What you have to do:
Return the first line of the listing below and all the lines after it through the one containing "If you have", exactly, without pictures.

Information supplied:
===

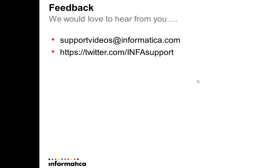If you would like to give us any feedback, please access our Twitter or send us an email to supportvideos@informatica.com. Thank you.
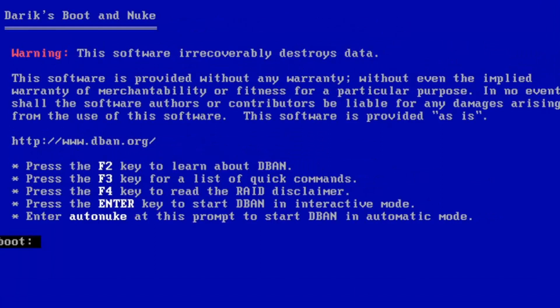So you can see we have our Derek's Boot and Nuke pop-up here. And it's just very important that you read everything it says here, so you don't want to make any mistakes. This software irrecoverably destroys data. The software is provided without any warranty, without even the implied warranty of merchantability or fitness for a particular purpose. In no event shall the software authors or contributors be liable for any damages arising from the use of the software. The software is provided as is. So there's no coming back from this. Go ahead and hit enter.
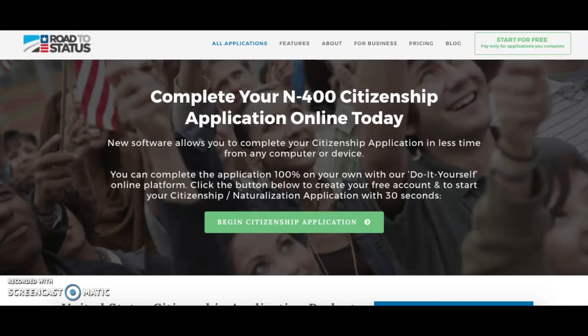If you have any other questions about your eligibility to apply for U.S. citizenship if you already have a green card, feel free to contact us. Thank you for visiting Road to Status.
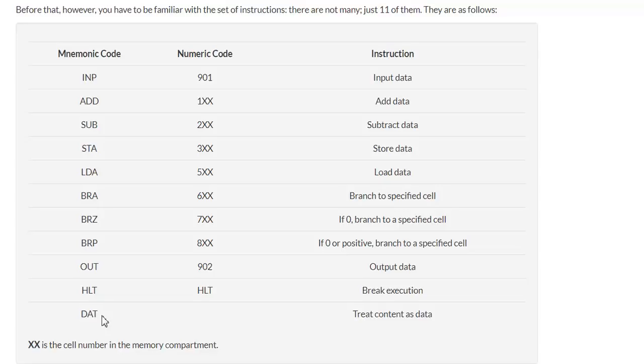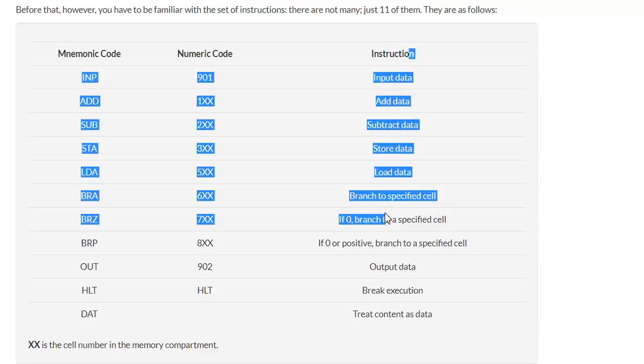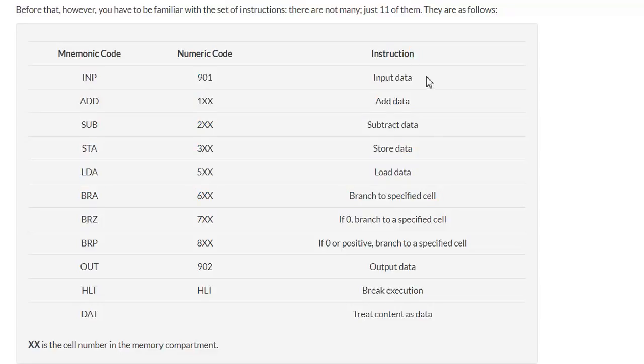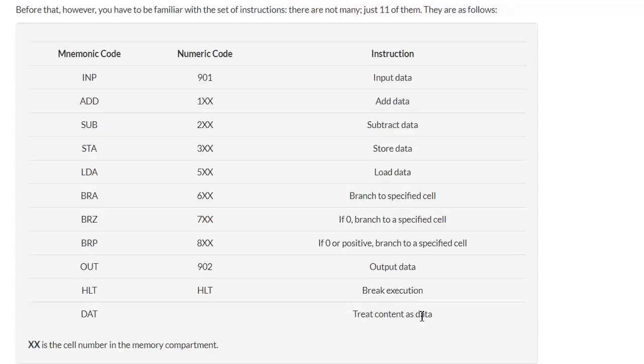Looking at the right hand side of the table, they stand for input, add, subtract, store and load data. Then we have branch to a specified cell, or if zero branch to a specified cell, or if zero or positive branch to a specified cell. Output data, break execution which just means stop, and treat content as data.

===

Result for this exercise:
If you would like to give us any feedback, please access our Twitter or send us an email to supportvideos@informatica.com. Thank you.
So you can see we have our Derek's Boot and Nuke pop-up here. And it's just very important that you read everything it says here, so you don't want to make any mistakes. This software irrecoverably destroys data. The software is provided without any warranty, without even the implied warranty of merchantability or fitness for a particular purpose. In no event shall the software authors or contributors be liable for any damages arising from the use of the software. The software is provided as is. So there's no coming back from this. Go ahead and hit enter.
If you have any other questions about your eligibility to apply for U.S. citizenship if you already have a green card, feel free to contact us. Thank you for visiting Road to Status.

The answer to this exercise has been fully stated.